January 3, 2012

New Year – Benefit from Volunteering

Morrison,-Bob-colorBy Bob Morrison
Development Director of Ridgecrest Village

A quick look at Wikipedia.org offers a definition, “Volunteering is generally considered an altruistic activity, intended to promote good or improve human quality of life. People also volunteer for their own skill development, to meet others, to make contacts for possible employment, to have fun, and a variety of other reasons that could be considered self-serving. Volunteerism is the act of selflessly giving your life to something you believe free of pay.” The term quality of life is used to evaluate the general well-being of individuals and societies.

According to the 2000 National Survey of Giving, Volunteering and Participating (NSGVP), volunteering leaves little doubt that there are individual benefits from doing volunteer work that reach far beyond the volunteer act itself.
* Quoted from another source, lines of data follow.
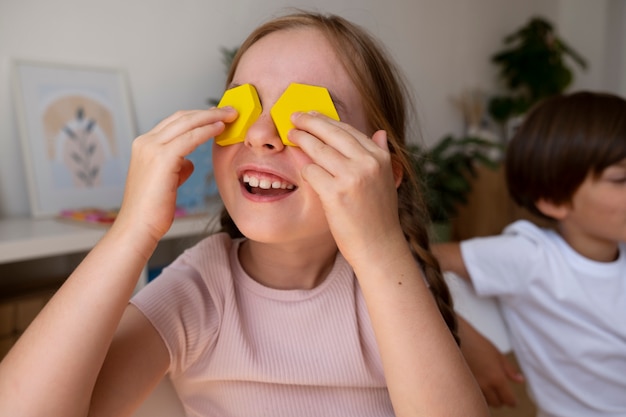 Medium shot smileymeisje met puzzelstukjes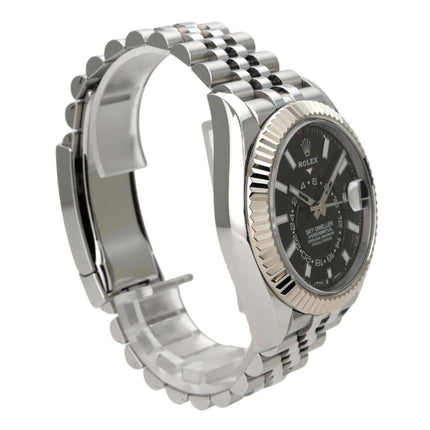 Rolex Sky-Dweller 326934 Schwarz Jubile-Band mit Edelstahl und Weißgold in Seitenansicht.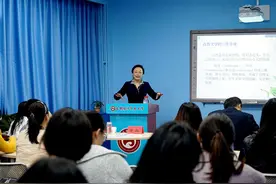 潜心教研30余年后 她所在外语系终于“熬成”外语学院图片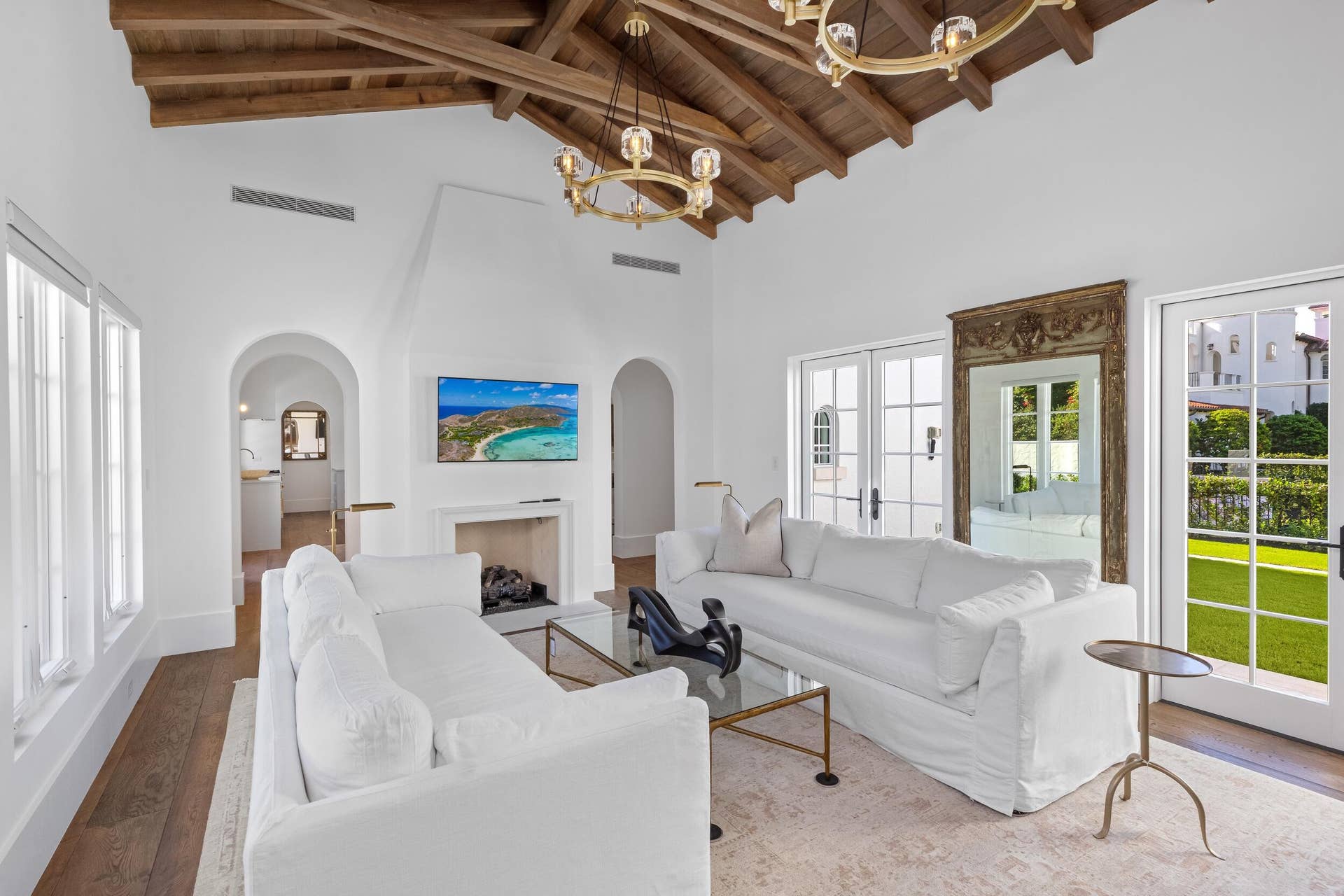800 S County Road, Palm Beach, FL 33480 GH Living Area 3 TV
More than three quarters (79 percent) of volunteers said that their volunteer activities helped them with their interpersonal skills, such as understanding people better, motivating others, and dealing with difficult situations. Just over two thirds (68 percent) of volunteers said that volunteering helped them to develop better communication skills. It is a two-way street.

The 1,000 points of light was a recurring phrase in speeches given by President George H. W. Bush, asking all the community organizations that are spread like stars throughout the nation to do good. America’s leaders from both parties and from many charities have promoted volunteerism. Where would our churches be without the many volunteer hours provided by dedicated parishioners? Character building groups, such as Scouting and Rotary, thrive on doing good deeds and service for others.

Volunteers are known as “The Heart of Ridgecrest Village.” This Volunteer Service League has over 200 participants, half from our community and half from Ridgecrest residents. These volunteers provide a caring community in Davenport with a wide range of services. They are known to receive personal appreciation and recognition of their time and talents.

Wilma Nichol is a 97-years young musician and said of her story at Ridgecrest Village, “To be a volunteer does not require a lot of training; just the willingness to give of your time. Pick and choose any small or large task. Do what you like and what fits your time schedule. What a group of willing helpers can accomplish is amazing!”

Don Patridge, who teaches email, internet and computers at Ridgecrest, says, “This is a fun group of people to work with. I really enjoy helping them.”

In today’s busy society, it can be hard to think about finding time to volunteer. However, the benefits of volunteering are enormous, both to you, your family and the community. The right match can help you find friends, strengthen your ties and reach out to the community; expose you to people with common interests, neighborhood resources, and fun and fulfilling activities.

Children watch everything you do. By giving back to the community as a family, you show them first hand how volunteering makes a
difference and how good it feels to help others and enact change. For them to know organizations in the community will open their eyes to more resources and activities.

Volunteering is good for your mind and body by:

• Increasing self-confidence, providing a natural sense of accomplishment, pride and identity.
• Combating depression. Giving to others develops a solid support system, which in turn protects you against stress and depression when you’re going through challenging times.
• Helping you stay physically healthy. Volunteering is especially beneficial in older adults. Studies show a lower mortality rate and lessen symptoms of chronic pain or heart disease.
• Adapting to limited mobility. Volunteer via phone or computer, writing and graphic design lends itself to working at home, and many organizations might also need help with email and websites.

While learning new skills can be beneficial to many, it’s not a requirement for a fulfilling volunteer experience. Bear in mind that the most valuable skills you can bring to any volunteer effort are compassion, an open mind, a willingness to do whatever is needed, and a positive attitude.

When it comes to volunteering, passion and positivity are the only requirements. Doing volunteer work you find meaningful and interesting can be a relaxing, energizing escape from your day-to-day routine of work, school, or family commitments. Volunteering also provides you with renewed creativity, motivation, and vision that can carry over into your personal and professional life.

Having answers to these questions will help you narrow down your search for a rewarding volunteering experience. (Source: World Volunteer Web). Don’t limit yourself to just one organization or one specific type of job. The more satisfaction you have, the better your contributions and the more likely you’ll continue.

Where do I find volunteer opportunities?

• Community theaters, museums and monuments
• Libraries or senior centers
• Service organizations, such as Lions Club or Rotary Clubs
• Youth organizations, sports teams and after-school programs
• Places of worship, such as churches or synagogues
• Online databases, such as VolunteerMatch or Idealist

Get the most out of volunteering. You’re donating your valuable time, so it’s important that you enjoy and benefit from your volunteering. Ask questions, speak up. Is there training involved, who you will be working with, and what to do if you have questions during your experience? Don’t be afraid to make a change. Give yourself some flexibility. Most importantly: Enjoy yourself!